▶ Requirement
Please set down, with no changes, every line of the material below from the one containing "La La Anthony, left, and Carmelo Anthony got" through the end. Skip the pictures.

Top of Material provided

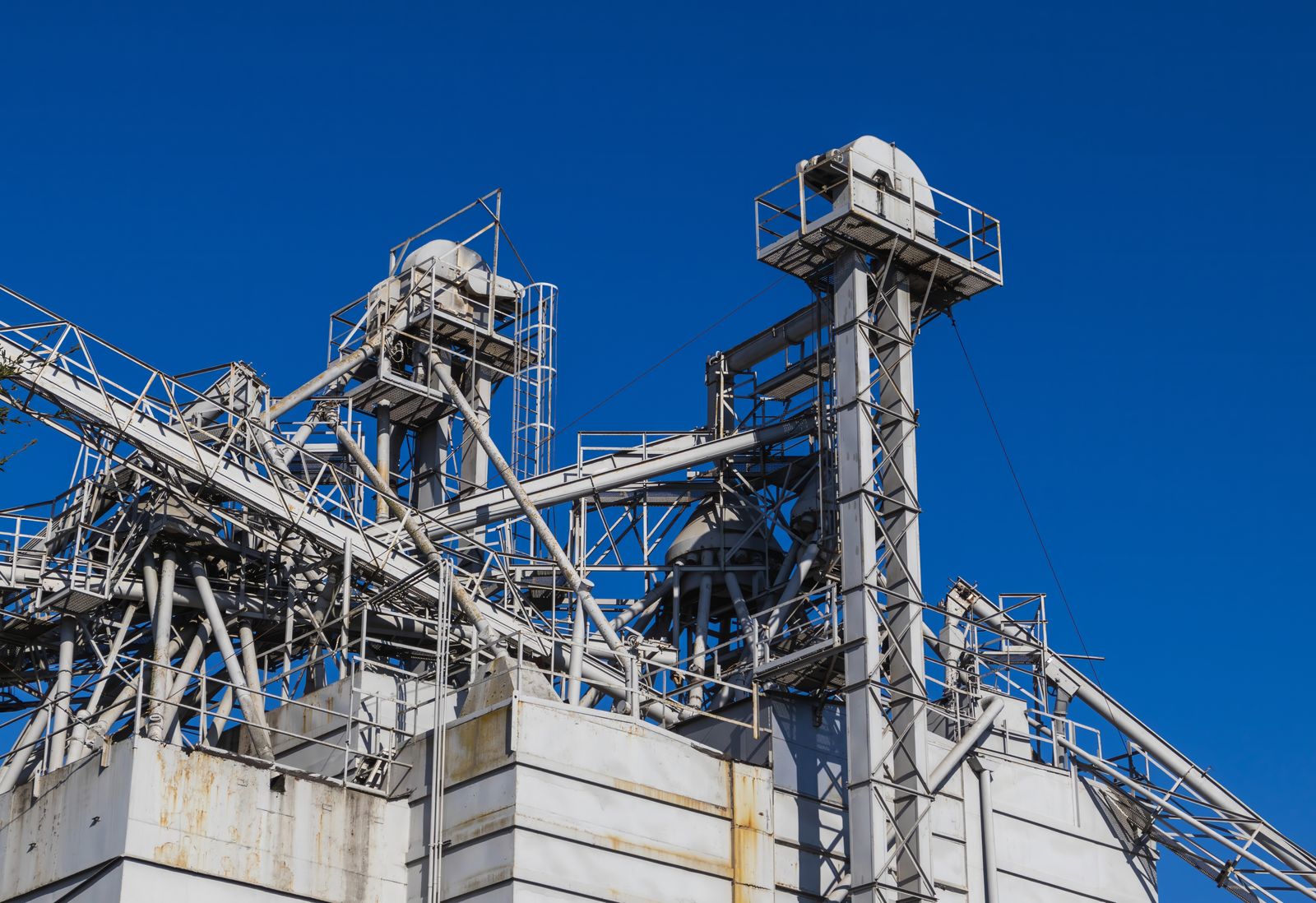 Industrial plant structures against a clear sky
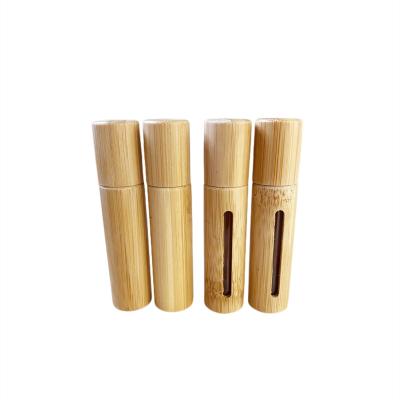 China 10ml Cosmetic Custom Round Bamboo Roller Bottles For Essential Oils for sale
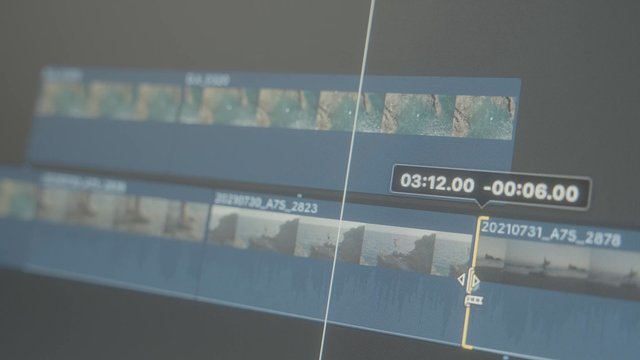 A video cutting process is shown on screen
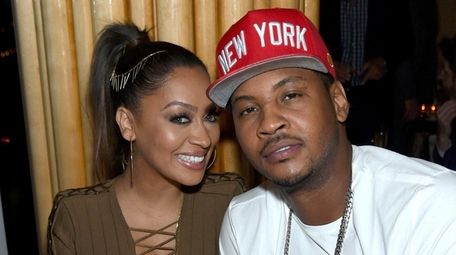 La La Anthony, left, and Carmelo Anthony got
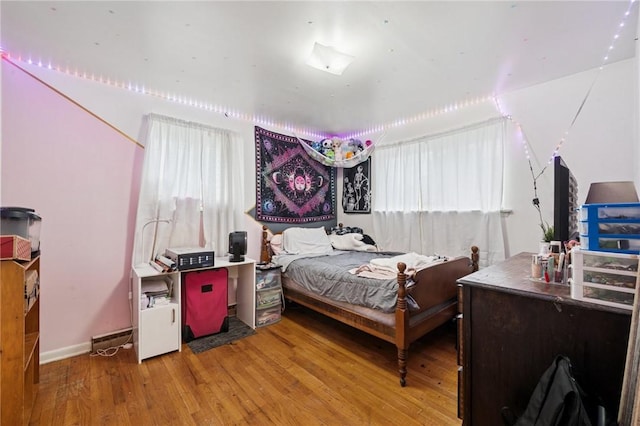233 6th St, California, PA 15419 - bedroom with wood finished floors and baseboards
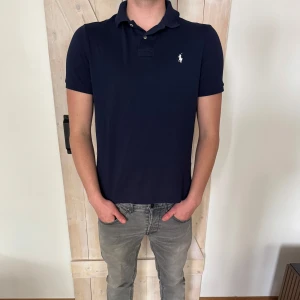 Mörkblå pikétröja från Ralph Lauren - Klassisk mörkblå pikétröja från Ralph Lauren. Storleken är M. Modellen på bilden är 179 och väger 75 kg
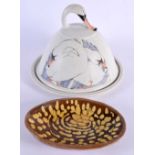 AN UNUSUAL STUDIO POTTERY SWAN CHEESE DOME AND COVER together with a treacle glazed slip ware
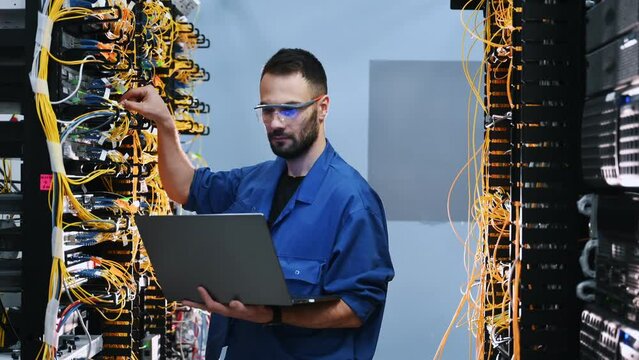 With laptop in hands. Young man is working with internet equipment and wires in server room.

Bottom of Material provided

▶ Written response
 La La Anthony, left, and Carmelo Anthony got
233 6th St, California, PA 15419 - bedroom with wood finished floors and baseboards
 Mörkblå pikétröja från Ralph Lauren - Klassisk mörkblå pikétröja från Ralph Lauren. Storleken är M. Modellen på bilden är 179 och väger 75 kg
 AN UNUSUAL STUDIO POTTERY SWAN CHEESE DOME AND COVER together with a treacle glazed slip ware
 With laptop in hands. Young man is working with internet equipment and wires in server room.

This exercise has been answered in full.